Le choix du terrain a été guidé par la volonté de se situer au point de confluence entre une logique des communs et le champ de l’économie solidaire. Dès lors, l’initiative du Phares nous est parue particulièrement intéressante à étudier. Le Phares est en effet un Pôle territorial de coopération économique (PTCE) qui gère un bâtiment de 1 350 m² situé sur L’Ile-Saint-Denis (Seine-Saint-Denis) et regroupe seize structures de l’ESS. Il s’agit pour le Phares de produire du commun en rassemblant des acteurs « autour d’un projet collectif alliant mutualisation de moyens, et volonté de répondre ensemble aux enjeux de développement local » [2]. La particularité de ce regroupement est de s’inscrire « dans une dynamique écologique, d’économie solidaire, de lutte contre les exclusions, d’insertion professionnelle et de développement durable » [3]. Le Phares est aussi l’histoire d’un bâtiment géré en commun et de synergies d’action qui se déploient (et font sens) sur le territoire d’action en cohérence avec ce lieu partagé.

Les prémices du projet Phares [4] : l’association Halage

Le projet initial du Phares est né au cours des années 1990 au sein d’un réseau d’acteurs de L’Ile-Saint-Denis. Il fait suite au développement de nombreuses initiatives associatives, dont l’objectif affirmé était de répondre aux difficultés de la population et de contribuer au développement social et économique du territoire. L’association Halage, qui aura un rôle central dans l’émergence du Phares, est en particulier née en 1994 de ce mouvement citoyen ancré dans l’éducation populaire. Dans ce sillage, a émergé la volonté d’acteurs associatifs du territoire de se regrouper afin d’offrir une « réponse coordonnée et multidimensionnelle aux besoins locaux » (Berdoulet et Gros, 2014).

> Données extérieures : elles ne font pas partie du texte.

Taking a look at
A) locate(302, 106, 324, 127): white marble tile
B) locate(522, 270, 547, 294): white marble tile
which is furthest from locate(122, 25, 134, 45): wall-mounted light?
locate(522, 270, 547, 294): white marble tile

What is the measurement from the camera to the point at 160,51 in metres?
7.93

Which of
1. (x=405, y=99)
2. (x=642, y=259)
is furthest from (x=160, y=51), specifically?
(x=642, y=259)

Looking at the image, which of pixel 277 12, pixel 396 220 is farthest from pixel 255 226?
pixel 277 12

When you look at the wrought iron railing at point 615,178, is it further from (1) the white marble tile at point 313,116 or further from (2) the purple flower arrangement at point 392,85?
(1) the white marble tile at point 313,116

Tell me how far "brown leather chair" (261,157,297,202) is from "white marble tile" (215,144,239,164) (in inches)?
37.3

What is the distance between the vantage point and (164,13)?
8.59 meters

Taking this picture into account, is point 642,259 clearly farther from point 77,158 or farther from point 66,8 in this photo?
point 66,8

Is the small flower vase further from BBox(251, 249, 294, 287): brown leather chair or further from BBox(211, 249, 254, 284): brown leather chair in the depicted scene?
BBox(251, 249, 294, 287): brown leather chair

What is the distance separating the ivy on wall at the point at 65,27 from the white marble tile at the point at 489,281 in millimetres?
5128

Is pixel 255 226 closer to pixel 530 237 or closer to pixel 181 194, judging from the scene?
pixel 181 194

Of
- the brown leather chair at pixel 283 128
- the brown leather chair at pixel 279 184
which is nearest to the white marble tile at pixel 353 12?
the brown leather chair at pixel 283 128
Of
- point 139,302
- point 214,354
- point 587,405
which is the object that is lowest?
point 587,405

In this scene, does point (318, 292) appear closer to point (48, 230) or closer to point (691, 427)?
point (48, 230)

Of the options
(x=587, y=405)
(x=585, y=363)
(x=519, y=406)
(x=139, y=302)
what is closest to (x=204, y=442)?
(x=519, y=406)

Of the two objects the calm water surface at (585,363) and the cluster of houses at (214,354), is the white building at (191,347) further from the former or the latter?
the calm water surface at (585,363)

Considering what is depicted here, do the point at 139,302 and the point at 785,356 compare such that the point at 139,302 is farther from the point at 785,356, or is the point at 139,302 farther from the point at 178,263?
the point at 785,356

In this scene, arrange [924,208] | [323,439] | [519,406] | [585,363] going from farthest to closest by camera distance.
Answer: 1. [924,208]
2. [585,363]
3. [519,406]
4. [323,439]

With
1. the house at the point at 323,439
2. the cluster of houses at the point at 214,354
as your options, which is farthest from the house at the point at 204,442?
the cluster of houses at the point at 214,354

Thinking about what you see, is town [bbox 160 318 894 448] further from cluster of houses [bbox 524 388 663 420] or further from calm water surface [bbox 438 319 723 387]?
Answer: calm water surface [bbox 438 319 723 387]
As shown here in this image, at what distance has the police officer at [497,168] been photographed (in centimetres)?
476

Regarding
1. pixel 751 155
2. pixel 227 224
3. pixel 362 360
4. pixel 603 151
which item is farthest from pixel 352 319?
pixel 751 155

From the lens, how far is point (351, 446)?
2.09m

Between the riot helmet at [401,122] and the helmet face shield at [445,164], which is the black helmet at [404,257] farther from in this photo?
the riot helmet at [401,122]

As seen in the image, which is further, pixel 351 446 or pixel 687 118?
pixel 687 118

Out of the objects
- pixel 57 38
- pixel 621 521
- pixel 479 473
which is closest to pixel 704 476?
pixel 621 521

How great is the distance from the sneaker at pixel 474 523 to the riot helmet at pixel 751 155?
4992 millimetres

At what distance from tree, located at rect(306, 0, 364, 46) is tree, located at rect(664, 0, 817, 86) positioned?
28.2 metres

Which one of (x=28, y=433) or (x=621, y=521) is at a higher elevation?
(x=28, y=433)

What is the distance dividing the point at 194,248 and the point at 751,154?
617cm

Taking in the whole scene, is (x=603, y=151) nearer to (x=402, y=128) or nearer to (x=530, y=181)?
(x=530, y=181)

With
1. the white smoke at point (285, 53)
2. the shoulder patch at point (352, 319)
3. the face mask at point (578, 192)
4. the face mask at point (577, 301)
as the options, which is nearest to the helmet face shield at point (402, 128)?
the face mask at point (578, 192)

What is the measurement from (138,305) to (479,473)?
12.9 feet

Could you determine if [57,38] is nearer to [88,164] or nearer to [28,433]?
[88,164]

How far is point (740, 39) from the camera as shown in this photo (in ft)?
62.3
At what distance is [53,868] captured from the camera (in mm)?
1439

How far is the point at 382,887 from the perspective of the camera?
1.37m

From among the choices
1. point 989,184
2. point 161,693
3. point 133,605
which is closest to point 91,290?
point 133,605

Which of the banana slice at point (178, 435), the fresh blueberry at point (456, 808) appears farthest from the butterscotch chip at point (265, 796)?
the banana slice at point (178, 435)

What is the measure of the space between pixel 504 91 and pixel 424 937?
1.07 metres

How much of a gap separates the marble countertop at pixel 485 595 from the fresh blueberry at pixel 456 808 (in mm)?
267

Ce projet a trouvé une concrétisation dans l’acquisition en 2001 d’un bâtiment destiné à être mutualisé. L’association Halage, qui disposait de fonds propres et de la capacité à recourir à un emprunt bancaire, s’est portée acquéreur du bâtiment. Un collectif de huit organisations associatives, qui s’était constitué sur la base de réseaux communs ainsi que sur de forts liens interpersonnels, y a alors emménagé. La cohabitation a été juridiquement formalisée par la conclusion de contrats de bail entre Halage et les autres occupants du lieu.

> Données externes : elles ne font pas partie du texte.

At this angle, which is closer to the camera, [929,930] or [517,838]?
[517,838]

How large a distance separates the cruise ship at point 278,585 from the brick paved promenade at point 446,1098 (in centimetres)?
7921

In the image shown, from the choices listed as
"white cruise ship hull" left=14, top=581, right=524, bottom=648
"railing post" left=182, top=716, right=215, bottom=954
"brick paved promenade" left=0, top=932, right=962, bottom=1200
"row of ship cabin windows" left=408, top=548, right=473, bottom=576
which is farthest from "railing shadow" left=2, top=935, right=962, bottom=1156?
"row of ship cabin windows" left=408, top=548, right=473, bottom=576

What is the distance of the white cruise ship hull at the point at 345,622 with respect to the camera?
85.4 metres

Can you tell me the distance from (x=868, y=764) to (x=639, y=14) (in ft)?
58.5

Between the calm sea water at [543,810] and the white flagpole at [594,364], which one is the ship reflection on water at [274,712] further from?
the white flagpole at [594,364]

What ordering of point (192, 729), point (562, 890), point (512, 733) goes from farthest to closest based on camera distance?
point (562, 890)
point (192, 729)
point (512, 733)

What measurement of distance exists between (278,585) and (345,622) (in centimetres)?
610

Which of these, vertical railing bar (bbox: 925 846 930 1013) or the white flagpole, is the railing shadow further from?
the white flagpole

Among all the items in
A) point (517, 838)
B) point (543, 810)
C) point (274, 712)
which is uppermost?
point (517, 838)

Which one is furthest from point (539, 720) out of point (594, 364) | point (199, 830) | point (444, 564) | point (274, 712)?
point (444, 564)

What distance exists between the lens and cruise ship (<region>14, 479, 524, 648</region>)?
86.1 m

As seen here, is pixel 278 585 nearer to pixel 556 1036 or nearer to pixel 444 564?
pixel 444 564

En dépit de la volonté de développer une mutualisation étroite ainsi que des projets bénéficiant au territoire, les personnes interrogées conviennent aujourd’hui de l’échec de cette première tentative. Le regroupement physique n’a ainsi tout d’abord pas permis d’assurer la pérennité des associations impliquées, plusieurs d’entre elles ayant disparu en raison de difficultés financières.

Par ailleurs, les moyens permettant d’assurer une coopération entre les associations membres n’ont pas été réunis. En dépit des ambitions initiales, la gouvernance du lieu n’a pas pu dépasser la question du projet immobilier, et la cohabitation s’est heurtée à l’instauration d’une relation de propriétaire à locataires. L’actuel directeur de Halage fait ainsi valoir aujourd’hui : « Quand les associations ont investi le bâtiment, l’intention et le discours qui étaient posés c’était la coopération interassociative, la synergie, le partage, le bouillonnement d’idées. […] En fait, on n’a pas créé autre chose que des relations de voisinage dans un bâtiment ».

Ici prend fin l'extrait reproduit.